A child care facility in which the number of occupants is greater than five but not more than 100 is permitted to be classified as Group E, provided the children are all located in rooms on the level of exit discharge that serve such rooms and all of the rooms have exit doors directly to the exterior. This exception is only applicable to rooms and spaces used for child care and is not intended to apply to accessory spaces such as restrooms, offices and kitchens. Many day care facilities primarily catering to those under primary school age tend to divide the children into three general categories based upon state laws and regulations. These include infant, toddler and preschool.

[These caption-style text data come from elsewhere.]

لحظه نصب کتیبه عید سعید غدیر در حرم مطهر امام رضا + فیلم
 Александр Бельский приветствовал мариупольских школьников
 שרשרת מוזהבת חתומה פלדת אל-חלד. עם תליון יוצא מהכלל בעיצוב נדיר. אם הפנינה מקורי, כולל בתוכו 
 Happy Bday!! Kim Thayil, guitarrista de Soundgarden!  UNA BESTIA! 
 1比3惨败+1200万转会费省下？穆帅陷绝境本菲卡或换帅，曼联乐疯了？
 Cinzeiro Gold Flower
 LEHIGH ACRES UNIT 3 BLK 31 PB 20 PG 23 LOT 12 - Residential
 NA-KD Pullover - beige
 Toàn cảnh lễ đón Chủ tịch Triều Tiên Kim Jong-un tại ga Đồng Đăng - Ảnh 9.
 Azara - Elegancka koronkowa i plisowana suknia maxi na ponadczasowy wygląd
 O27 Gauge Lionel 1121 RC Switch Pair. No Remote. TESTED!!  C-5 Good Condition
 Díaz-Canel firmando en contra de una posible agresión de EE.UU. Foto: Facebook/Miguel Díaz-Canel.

Some variations do occur in that larger day care facilities will have transition rooms for mobile infants or pre-K oriented rooms for those entering kindergarten. But basically there is a mixture of children 21/2 years or less and older children. The older children can automatically be in a facility classified as a Group E occupancy, but for the younger children the exception as discussed above would need to be applied to classify the entire occupancy as Group E. The total number of children can exceed 100 and the Group E classification is retained, provided that the number of children 21/2 years or less is limited to 100 or fewer. The infant and toddler rooms would need to have exits directly to the outside on the level of exit discharge. If the exception is not applied, the entire facility would need to be classified as Group I-4 or a mixed occupancy classification would be necessary.

By permitting the facility to be classified as Group E, the building would not be required to be sprinklered unless the fire area was greater than 12,000 square feet (115 m2). A Group I-4 facility would be required to be sprinklered regardless of the area. But as a Group E occupancy, panic hardware would be required in rooms and spaces exceeding 50 occupants.


----------



## squaredrive

Thanks so much cda!  you hit all of my questions-  really appreciated.


----------



## cda

You are welcome

I disavow any answers, in case it goes to court


----------



## cda

Square you too can become a Sawhorse and support this Forum, and ask questions to the vast brain thursts' on the forum!!


----------



## zan chen

Hi cda or other,

I am new to this forum. I have a very similar scenario with a daycare center project in a “strip mall”.  The daycare center serve 164 (max / actual) kids, based on occupancy load, it can hold 293 people. It is on the second floor of a two story building.  Only one room (approx.. 470 sf) has 9 kids less than 2 ½ yr old. The rest of them are over 2 ½ yr old. Would it be a mix of use group I4 and E? 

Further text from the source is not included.